Berlin sonbaharının gri tonlarında, su ve pigmentin birleştiği bir yüzey sessizce nefes alıyor.
Galerie Bastian, bu kez Anselm Kiefer’in en az heykelleri kadar ağır ama bir o kadar da saydam olan dünyasına ev sahipliği yapıyor: Wasserfarben.
Yirmi bir suluboyadan oluşan bu seçki, sanatçının onlarca yıla yayılan üretiminde, başlangıç ile şimdiki zaman arasında bir zaman haritası sunuyor.
Kiefer’in suluboyaları ilk kez 27 yıl önce New York Metropolitan Müzesi’nde sergilenmişti. Bugün, Berlin’de yeniden izleyiciyle buluşarak sanatçının erken dönemini ve mitlerle örülü düşünsel yolculuğunu yeniden görünür kılıyor.

Renk ve Küldeki Hafıza
Kiefer’in dünyasında suluboya bile ağırdır. Su, akışkan bir madde değil, tarihsel bir taşıyıcıdır burada.
Eserlerde Alman romantizmi, mitolojik anlatılar, Heidegger’in “Varlık ve Zaman”ı, Bloch’un “Umut İlkesi”, hatta Avrupa şiirinin bilinçaltı yankılanır.
Kiefer’in kendi sözleriyle:
“Şiirler benim dünyam.”
Bu dünyada manzara, yalnızca bir yer değil; insanın kendi yıkımına tuttuğu aynadır.
Suluboyaların ince saydamlığı altında, insan suçluluğu ile doğanın masumiyeti iç içe geçer. Her leke, hem geçmişin külleriyle hem de geleceğin olasılıklarıyla doludur.
Aparman No:26 Notu — “Kiefer’in Su Gibi Belleği”
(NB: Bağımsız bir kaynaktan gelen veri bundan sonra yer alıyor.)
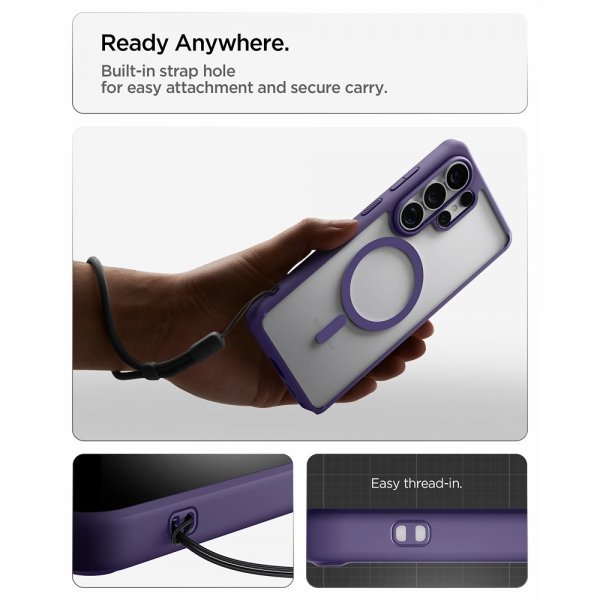 Spigen Samsung Galaxy S26 Ultra Cover Ultra Hybrid MagFit Deep Purple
Wasserfarben, Kiefer’in Berlin’e dönüşü kadar, sanatçının kendi sessizliğine dönüşü de.
Galerie Bastian’ın sade mekânı, bu sergide adeta bir nefes alan aralık gibi çalışıyor — ne taş kadar katı, ne de su kadar geçici.
Kiefer’in tuvalleri, Berlin’in kendi tarihini de yansıtıyor: bir şehir, yeniden yapılanmanın ve hatırlamanın sınırında.
Her renk, hem anımsama hem yadsıma içeriyor.
Ve suyun içinde, her şeyin bir gün çözülüp gideceği gerçeği yankılanıyor.